• WHAT YOU HAVE TO DO: Give the listing again word for word. Skip the pictures.

• COLLECTED DATA:
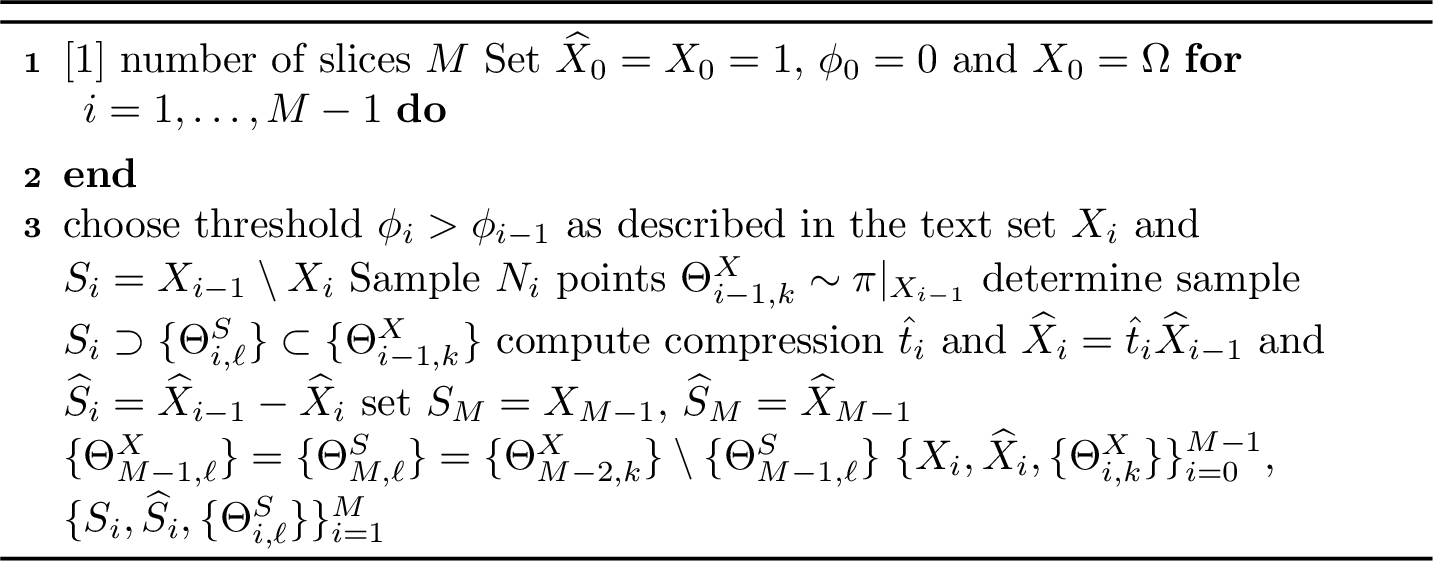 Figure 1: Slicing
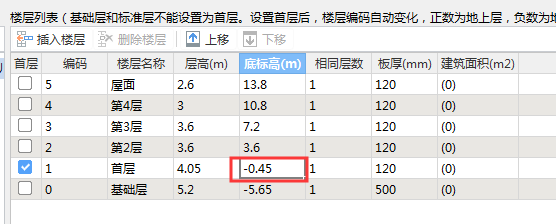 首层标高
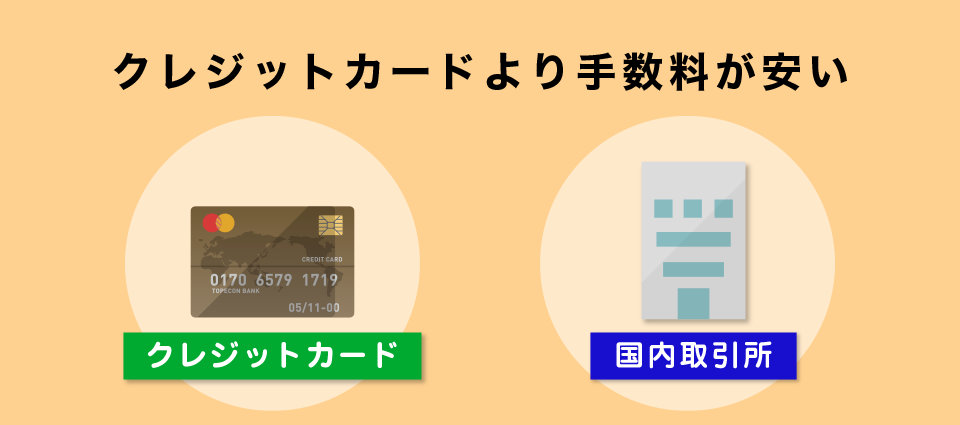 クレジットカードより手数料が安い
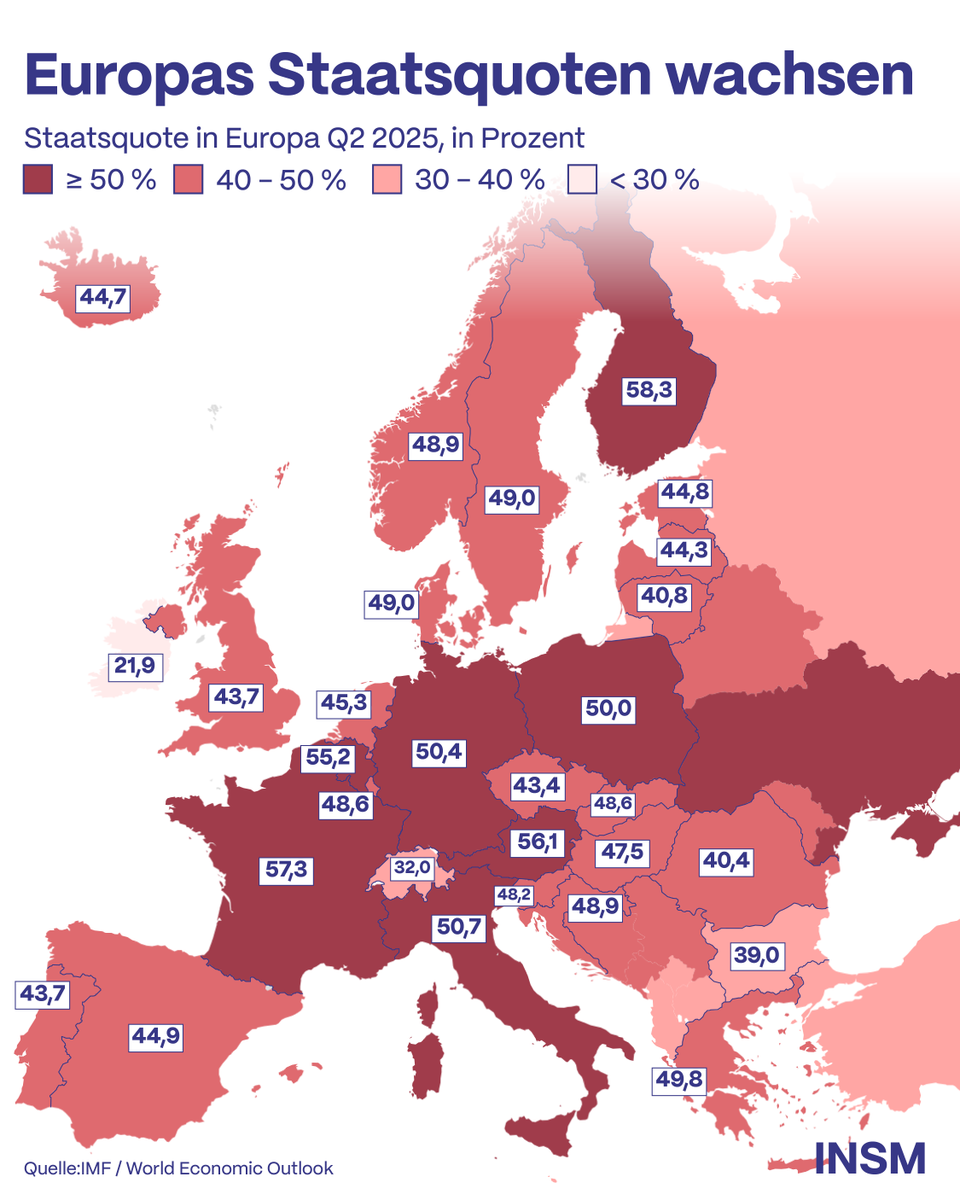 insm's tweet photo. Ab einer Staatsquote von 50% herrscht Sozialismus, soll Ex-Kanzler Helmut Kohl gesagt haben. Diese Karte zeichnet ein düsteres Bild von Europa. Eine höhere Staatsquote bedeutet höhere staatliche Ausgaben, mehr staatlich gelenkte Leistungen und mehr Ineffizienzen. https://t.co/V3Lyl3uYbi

• TASK SOLUTION:
 Figure 1: Slicing
 首层标高
 クレジットカードより手数料が安い
 insm's tweet photo. Ab einer Staatsquote von 50% herrscht Sozialismus, soll Ex-Kanzler Helmut Kohl gesagt haben. Diese Karte zeichnet ein düsteres Bild von Europa. Eine höhere Staatsquote bedeutet höhere staatliche Ausgaben, mehr staatlich gelenkte Leistungen und mehr Ineffizienzen. https://t.co/V3Lyl3uYbi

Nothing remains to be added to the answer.